#### [Description of the task]
Across all the entries below, how many lines contain the string "with"? The number by itself is the answer.

Data under study: Begin

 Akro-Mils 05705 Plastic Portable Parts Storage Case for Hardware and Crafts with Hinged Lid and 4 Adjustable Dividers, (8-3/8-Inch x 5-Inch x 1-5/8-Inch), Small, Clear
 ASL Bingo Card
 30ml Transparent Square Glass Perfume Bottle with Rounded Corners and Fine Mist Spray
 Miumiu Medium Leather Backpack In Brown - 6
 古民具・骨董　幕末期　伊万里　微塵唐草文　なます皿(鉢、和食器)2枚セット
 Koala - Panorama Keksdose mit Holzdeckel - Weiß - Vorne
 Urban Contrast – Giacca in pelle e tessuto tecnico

Data under study: End
Data under study: Begin

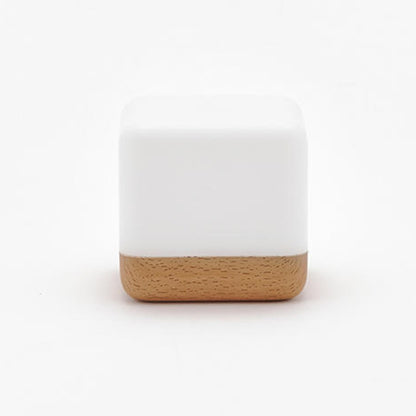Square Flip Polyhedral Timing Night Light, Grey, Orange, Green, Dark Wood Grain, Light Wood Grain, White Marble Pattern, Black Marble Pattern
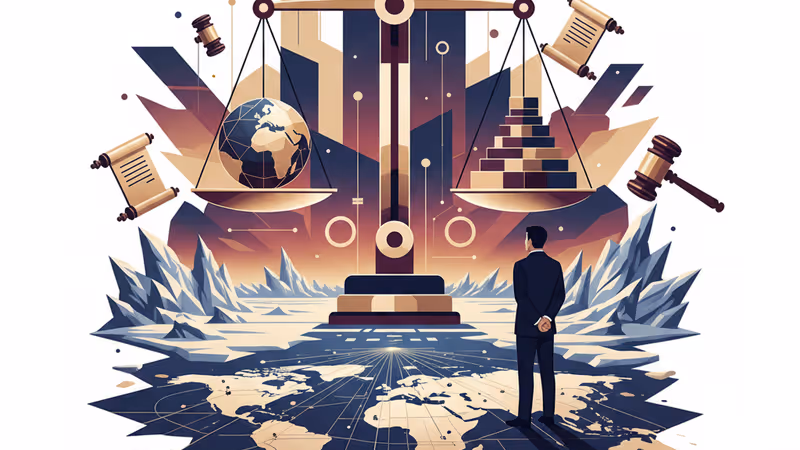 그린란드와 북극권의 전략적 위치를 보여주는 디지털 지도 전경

Data under study: End
Data under study: Begin

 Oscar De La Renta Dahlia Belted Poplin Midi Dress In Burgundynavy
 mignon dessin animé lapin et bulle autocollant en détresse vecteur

Data under study: End

#### [Exercise output]
2